#### EXERCISE BRIEF
Copy all of the data that follows without altering a word.

□ □ □

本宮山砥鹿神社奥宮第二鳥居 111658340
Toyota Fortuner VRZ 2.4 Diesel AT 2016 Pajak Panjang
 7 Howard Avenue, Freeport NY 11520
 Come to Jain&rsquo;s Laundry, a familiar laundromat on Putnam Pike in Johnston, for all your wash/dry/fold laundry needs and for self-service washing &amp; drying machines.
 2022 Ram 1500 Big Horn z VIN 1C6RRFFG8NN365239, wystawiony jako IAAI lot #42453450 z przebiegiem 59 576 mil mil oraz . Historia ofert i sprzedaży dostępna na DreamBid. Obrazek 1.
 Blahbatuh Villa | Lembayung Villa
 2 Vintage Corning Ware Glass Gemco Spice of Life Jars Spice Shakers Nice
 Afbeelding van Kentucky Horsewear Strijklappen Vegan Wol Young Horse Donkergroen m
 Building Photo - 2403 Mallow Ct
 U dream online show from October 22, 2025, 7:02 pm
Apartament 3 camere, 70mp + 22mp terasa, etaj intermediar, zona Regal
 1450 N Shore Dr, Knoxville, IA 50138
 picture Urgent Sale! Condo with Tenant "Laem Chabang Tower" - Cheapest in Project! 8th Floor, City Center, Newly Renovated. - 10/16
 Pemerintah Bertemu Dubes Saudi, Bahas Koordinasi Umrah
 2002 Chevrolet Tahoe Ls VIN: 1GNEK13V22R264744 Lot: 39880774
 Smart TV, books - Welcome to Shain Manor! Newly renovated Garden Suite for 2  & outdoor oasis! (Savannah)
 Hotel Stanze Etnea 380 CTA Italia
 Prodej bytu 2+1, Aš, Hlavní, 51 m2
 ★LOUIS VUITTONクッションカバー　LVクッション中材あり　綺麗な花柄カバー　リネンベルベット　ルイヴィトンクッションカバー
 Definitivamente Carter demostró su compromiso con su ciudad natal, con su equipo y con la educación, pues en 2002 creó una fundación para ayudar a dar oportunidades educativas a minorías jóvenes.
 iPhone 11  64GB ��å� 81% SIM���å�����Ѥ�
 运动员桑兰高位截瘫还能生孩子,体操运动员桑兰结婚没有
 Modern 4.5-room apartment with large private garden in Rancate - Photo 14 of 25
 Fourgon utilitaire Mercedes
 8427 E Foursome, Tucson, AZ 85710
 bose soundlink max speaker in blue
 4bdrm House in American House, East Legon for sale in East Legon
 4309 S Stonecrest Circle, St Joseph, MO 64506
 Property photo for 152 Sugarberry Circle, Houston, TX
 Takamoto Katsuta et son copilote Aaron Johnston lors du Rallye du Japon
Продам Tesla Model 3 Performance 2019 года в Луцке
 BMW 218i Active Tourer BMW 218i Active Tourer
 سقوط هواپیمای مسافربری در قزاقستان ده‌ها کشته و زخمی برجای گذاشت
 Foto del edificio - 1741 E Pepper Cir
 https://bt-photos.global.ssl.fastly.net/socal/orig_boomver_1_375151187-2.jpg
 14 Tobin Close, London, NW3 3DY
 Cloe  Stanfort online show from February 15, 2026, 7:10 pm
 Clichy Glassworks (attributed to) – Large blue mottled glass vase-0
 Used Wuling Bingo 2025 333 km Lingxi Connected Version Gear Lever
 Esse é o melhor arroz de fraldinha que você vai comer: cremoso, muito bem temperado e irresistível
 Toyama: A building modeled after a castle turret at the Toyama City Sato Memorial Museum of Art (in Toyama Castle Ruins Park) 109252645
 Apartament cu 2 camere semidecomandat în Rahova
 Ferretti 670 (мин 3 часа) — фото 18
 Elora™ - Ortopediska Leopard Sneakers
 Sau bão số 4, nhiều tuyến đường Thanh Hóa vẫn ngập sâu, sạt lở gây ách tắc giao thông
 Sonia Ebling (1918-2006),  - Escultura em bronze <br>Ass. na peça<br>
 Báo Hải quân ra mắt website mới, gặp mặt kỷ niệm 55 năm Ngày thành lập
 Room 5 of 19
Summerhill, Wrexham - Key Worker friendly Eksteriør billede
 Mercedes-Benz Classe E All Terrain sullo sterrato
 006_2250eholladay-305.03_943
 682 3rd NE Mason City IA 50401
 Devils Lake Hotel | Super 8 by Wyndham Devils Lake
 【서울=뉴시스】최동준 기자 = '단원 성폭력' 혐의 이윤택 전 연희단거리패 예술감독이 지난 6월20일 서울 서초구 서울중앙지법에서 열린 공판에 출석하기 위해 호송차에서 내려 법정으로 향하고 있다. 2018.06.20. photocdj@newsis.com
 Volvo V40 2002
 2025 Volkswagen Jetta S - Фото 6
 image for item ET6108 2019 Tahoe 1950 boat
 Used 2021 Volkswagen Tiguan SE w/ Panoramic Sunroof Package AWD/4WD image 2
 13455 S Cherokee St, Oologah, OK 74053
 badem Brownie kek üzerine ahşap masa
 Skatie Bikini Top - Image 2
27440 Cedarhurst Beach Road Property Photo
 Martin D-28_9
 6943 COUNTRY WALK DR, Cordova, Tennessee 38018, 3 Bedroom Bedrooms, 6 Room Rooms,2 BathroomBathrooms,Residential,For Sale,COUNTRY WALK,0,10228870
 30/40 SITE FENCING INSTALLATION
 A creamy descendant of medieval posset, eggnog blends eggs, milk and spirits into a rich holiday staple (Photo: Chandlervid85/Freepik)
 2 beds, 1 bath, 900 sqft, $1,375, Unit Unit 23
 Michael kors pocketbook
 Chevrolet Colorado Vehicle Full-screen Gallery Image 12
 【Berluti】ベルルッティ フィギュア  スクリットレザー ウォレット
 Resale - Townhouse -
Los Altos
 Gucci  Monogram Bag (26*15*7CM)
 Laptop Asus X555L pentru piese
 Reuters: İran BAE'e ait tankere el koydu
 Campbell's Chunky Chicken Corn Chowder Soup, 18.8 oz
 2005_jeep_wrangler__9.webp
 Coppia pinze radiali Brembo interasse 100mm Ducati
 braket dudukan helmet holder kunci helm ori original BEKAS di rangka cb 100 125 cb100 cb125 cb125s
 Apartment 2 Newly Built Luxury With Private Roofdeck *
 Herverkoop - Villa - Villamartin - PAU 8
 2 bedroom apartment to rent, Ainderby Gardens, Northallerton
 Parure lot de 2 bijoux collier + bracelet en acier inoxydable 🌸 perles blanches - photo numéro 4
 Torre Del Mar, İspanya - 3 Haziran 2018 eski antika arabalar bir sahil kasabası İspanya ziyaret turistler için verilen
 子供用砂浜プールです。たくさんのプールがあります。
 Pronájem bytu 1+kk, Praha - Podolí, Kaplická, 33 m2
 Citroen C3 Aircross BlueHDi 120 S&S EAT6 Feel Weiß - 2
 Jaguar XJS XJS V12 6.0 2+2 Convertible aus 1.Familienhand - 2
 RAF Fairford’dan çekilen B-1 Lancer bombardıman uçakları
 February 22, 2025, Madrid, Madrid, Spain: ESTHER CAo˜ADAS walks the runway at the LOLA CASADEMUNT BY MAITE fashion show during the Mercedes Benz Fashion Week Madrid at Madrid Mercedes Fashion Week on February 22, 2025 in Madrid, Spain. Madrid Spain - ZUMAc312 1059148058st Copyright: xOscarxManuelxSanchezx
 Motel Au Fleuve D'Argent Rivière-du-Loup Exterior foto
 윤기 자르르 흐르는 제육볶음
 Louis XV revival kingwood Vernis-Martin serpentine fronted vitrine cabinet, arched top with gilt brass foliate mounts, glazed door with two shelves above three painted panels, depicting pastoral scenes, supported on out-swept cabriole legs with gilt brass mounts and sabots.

□ □ □

#### RESPONSE TO THE TASK
本宮山砥鹿神社奥宮第二鳥居 111658340
Toyota Fortuner VRZ 2.4 Diesel AT 2016 Pajak Panjang
 7 Howard Avenue, Freeport NY 11520
 Come to Jain&rsquo;s Laundry, a familiar laundromat on Putnam Pike in Johnston, for all your wash/dry/fold laundry needs and for self-service washing &amp; drying machines.
 2022 Ram 1500 Big Horn z VIN 1C6RRFFG8NN365239, wystawiony jako IAAI lot #42453450 z przebiegiem 59 576 mil mil oraz . Historia ofert i sprzedaży dostępna na DreamBid. Obrazek 1.
 Blahbatuh Villa | Lembayung Villa
 2 Vintage Corning Ware Glass Gemco Spice of Life Jars Spice Shakers Nice
 Afbeelding van Kentucky Horsewear Strijklappen Vegan Wol Young Horse Donkergroen m
 Building Photo - 2403 Mallow Ct
 U dream online show from October 22, 2025, 7:02 pm
Apartament 3 camere, 70mp + 22mp terasa, etaj intermediar, zona Regal
 1450 N Shore Dr, Knoxville, IA 50138
 picture Urgent Sale! Condo with Tenant "Laem Chabang Tower" - Cheapest in Project! 8th Floor, City Center, Newly Renovated. - 10/16
 Pemerintah Bertemu Dubes Saudi, Bahas Koordinasi Umrah
 2002 Chevrolet Tahoe Ls VIN: 1GNEK13V22R264744 Lot: 39880774
 Smart TV, books - Welcome to Shain Manor! Newly renovated Garden Suite for 2  & outdoor oasis! (Savannah)
 Hotel Stanze Etnea 380 CTA Italia
 Prodej bytu 2+1, Aš, Hlavní, 51 m2
 ★LOUIS VUITTONクッションカバー　LVクッション中材あり　綺麗な花柄カバー　リネンベルベット　ルイヴィトンクッションカバー
 Definitivamente Carter demostró su compromiso con su ciudad natal, con su equipo y con la educación, pues en 2002 creó una fundación para ayudar a dar oportunidades educativas a minorías jóvenes.
 iPhone 11  64GB ��å� 81% SIM���å�����Ѥ�
 运动员桑兰高位截瘫还能生孩子,体操运动员桑兰结婚没有
 Modern 4.5-room apartment with large private garden in Rancate - Photo 14 of 25
 Fourgon utilitaire Mercedes
 8427 E Foursome, Tucson, AZ 85710
 bose soundlink max speaker in blue
 4bdrm House in American House, East Legon for sale in East Legon
 4309 S Stonecrest Circle, St Joseph, MO 64506
 Property photo for 152 Sugarberry Circle, Houston, TX
 Takamoto Katsuta et son copilote Aaron Johnston lors du Rallye du Japon
Продам Tesla Model 3 Performance 2019 года в Луцке
 BMW 218i Active Tourer BMW 218i Active Tourer
 سقوط هواپیمای مسافربری در قزاقستان ده‌ها کشته و زخمی برجای گذاشت
 Foto del edificio - 1741 E Pepper Cir
 https://bt-photos.global.ssl.fastly.net/socal/orig_boomver_1_375151187-2.jpg
 14 Tobin Close, London, NW3 3DY
 Cloe  Stanfort online show from February 15, 2026, 7:10 pm
 Clichy Glassworks (attributed to) – Large blue mottled glass vase-0
 Used Wuling Bingo 2025 333 km Lingxi Connected Version Gear Lever
 Esse é o melhor arroz de fraldinha que você vai comer: cremoso, muito bem temperado e irresistível
 Toyama: A building modeled after a castle turret at the Toyama City Sato Memorial Museum of Art (in Toyama Castle Ruins Park) 109252645
 Apartament cu 2 camere semidecomandat în Rahova
 Ferretti 670 (мин 3 часа) — фото 18
 Elora™ - Ortopediska Leopard Sneakers
 Sau bão số 4, nhiều tuyến đường Thanh Hóa vẫn ngập sâu, sạt lở gây ách tắc giao thông
 Sonia Ebling (1918-2006),  - Escultura em bronze <br>Ass. na peça<br>
 Báo Hải quân ra mắt website mới, gặp mặt kỷ niệm 55 năm Ngày thành lập
 Room 5 of 19
Summerhill, Wrexham - Key Worker friendly Eksteriør billede
 Mercedes-Benz Classe E All Terrain sullo sterrato
 006_2250eholladay-305.03_943
 682 3rd NE Mason City IA 50401
 Devils Lake Hotel | Super 8 by Wyndham Devils Lake
 【서울=뉴시스】최동준 기자 = '단원 성폭력' 혐의 이윤택 전 연희단거리패 예술감독이 지난 6월20일 서울 서초구 서울중앙지법에서 열린 공판에 출석하기 위해 호송차에서 내려 법정으로 향하고 있다. 2018.06.20. photocdj@newsis.com
 Volvo V40 2002
 2025 Volkswagen Jetta S - Фото 6
 image for item ET6108 2019 Tahoe 1950 boat
 Used 2021 Volkswagen Tiguan SE w/ Panoramic Sunroof Package AWD/4WD image 2
 13455 S Cherokee St, Oologah, OK 74053
 badem Brownie kek üzerine ahşap masa
 Skatie Bikini Top - Image 2
27440 Cedarhurst Beach Road Property Photo
 Martin D-28_9
 6943 COUNTRY WALK DR, Cordova, Tennessee 38018, 3 Bedroom Bedrooms, 6 Room Rooms,2 BathroomBathrooms,Residential,For Sale,COUNTRY WALK,0,10228870
 30/40 SITE FENCING INSTALLATION
 A creamy descendant of medieval posset, eggnog blends eggs, milk and spirits into a rich holiday staple (Photo: Chandlervid85/Freepik)
 2 beds, 1 bath, 900 sqft, $1,375, Unit Unit 23
 Michael kors pocketbook
 Chevrolet Colorado Vehicle Full-screen Gallery Image 12
 【Berluti】ベルルッティ フィギュア  スクリットレザー ウォレット
 Resale - Townhouse -
Los Altos
 Gucci  Monogram Bag (26*15*7CM)
 Laptop Asus X555L pentru piese
 Reuters: İran BAE'e ait tankere el koydu
 Campbell's Chunky Chicken Corn Chowder Soup, 18.8 oz
 2005_jeep_wrangler__9.webp
 Coppia pinze radiali Brembo interasse 100mm Ducati
 braket dudukan helmet holder kunci helm ori original BEKAS di rangka cb 100 125 cb100 cb125 cb125s
 Apartment 2 Newly Built Luxury With Private Roofdeck *
 Herverkoop - Villa - Villamartin - PAU 8
 2 bedroom apartment to rent, Ainderby Gardens, Northallerton
 Parure lot de 2 bijoux collier + bracelet en acier inoxydable 🌸 perles blanches - photo numéro 4
 Torre Del Mar, İspanya - 3 Haziran 2018 eski antika arabalar bir sahil kasabası İspanya ziyaret turistler için verilen
 子供用砂浜プールです。たくさんのプールがあります。
 Pronájem bytu 1+kk, Praha - Podolí, Kaplická, 33 m2
 Citroen C3 Aircross BlueHDi 120 S&S EAT6 Feel Weiß - 2
 Jaguar XJS XJS V12 6.0 2+2 Convertible aus 1.Familienhand - 2
 RAF Fairford’dan çekilen B-1 Lancer bombardıman uçakları
 February 22, 2025, Madrid, Madrid, Spain: ESTHER CAo˜ADAS walks the runway at the LOLA CASADEMUNT BY MAITE fashion show during the Mercedes Benz Fashion Week Madrid at Madrid Mercedes Fashion Week on February 22, 2025 in Madrid, Spain. Madrid Spain - ZUMAc312 1059148058st Copyright: xOscarxManuelxSanchezx
 Motel Au Fleuve D'Argent Rivière-du-Loup Exterior foto
 윤기 자르르 흐르는 제육볶음
 Louis XV revival kingwood Vernis-Martin serpentine fronted vitrine cabinet, arched top with gilt brass foliate mounts, glazed door with two shelves above three painted panels, depicting pastoral scenes, supported on out-swept cabriole legs with gilt brass mounts and sabots.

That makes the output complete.